Kim kimi kaşıyor ve neden kaşıyor?

Satır aralarında şöyle ifadeler de geçti: HTŞ’nin alan genişletmesi ve bunun kalıcı olması halinde YPG/PKK’nın duruma müdahil edilmesi! Yani sadece Afrin değil, diğer bazı bölgeler üzerindeki ihtirasların hâlâ devam etmekte olduğunu görmekte de fayda var.

Yani bir açık vermeye gör…

Aklıma hep sorduğumuz şu soru tekrar geliyor: ‘ABD, 40 bin km2’lik konvansiyonel alanda sayısı on binlerle ölçülen bu terörist güruhu nerelerde, kime karşı ve nasıl kullanacak?’

Şimdi ‘bu karmaşık düzlemde neden birileri ortalığı daha da karıştıracak bazı oldu bittilerin altına imza atıyor’ sorusunu da soralım.

***

Suriye’deki, YPG/PKK ile mücadele artık sadece bir terörle mücadele konusu değil.
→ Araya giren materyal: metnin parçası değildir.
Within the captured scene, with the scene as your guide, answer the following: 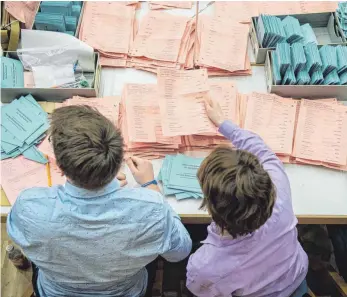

Artık karşımızda bölgesel jeopolitiğine ve enerji kurgularına musallat edilen/edilecek bir terör örgütü var.

Ve Türkiye içindeki ve kenar kuşağındaki bu sorunu çözmeden, içindeki düzensiz göçmen sorusunu çözecek sağlam bir yol bulmadan aradığı yükselişe kavuşabilir mi?

***

Ukrayna savaşıyla birlikte köprünün altından çok sular akmadı mı?

Bu kadar çok riske, baskıya, tehlikeye katlanmışken artık;

- Suriye meselesinin,

- Suriye’de jeopolitiğe eklemlenmiş YPG/PKK terör örgütü meselesinin,

- Düzensiz göçmen sorununun,

- Ve iç savaşın temel nedenine dönüşmüş mezhep ve meşrep fitnesinin ortadan kaldırılmasına dair köklü adımların atılması gerekmiyor mu?

Sanırım başka bir zamanı beklemenin üreteceği bedel çok daha ağır olacak.

- Kendi başımıza mı?

- Ruslu mu, Russuz mu?

- ABD’li mi ABD’siz mi?

- ABD’li ve Ruslu mu?

Jeopolitik oluşumların ve dengelerin temellerinin atıldığı bir evredeyiz.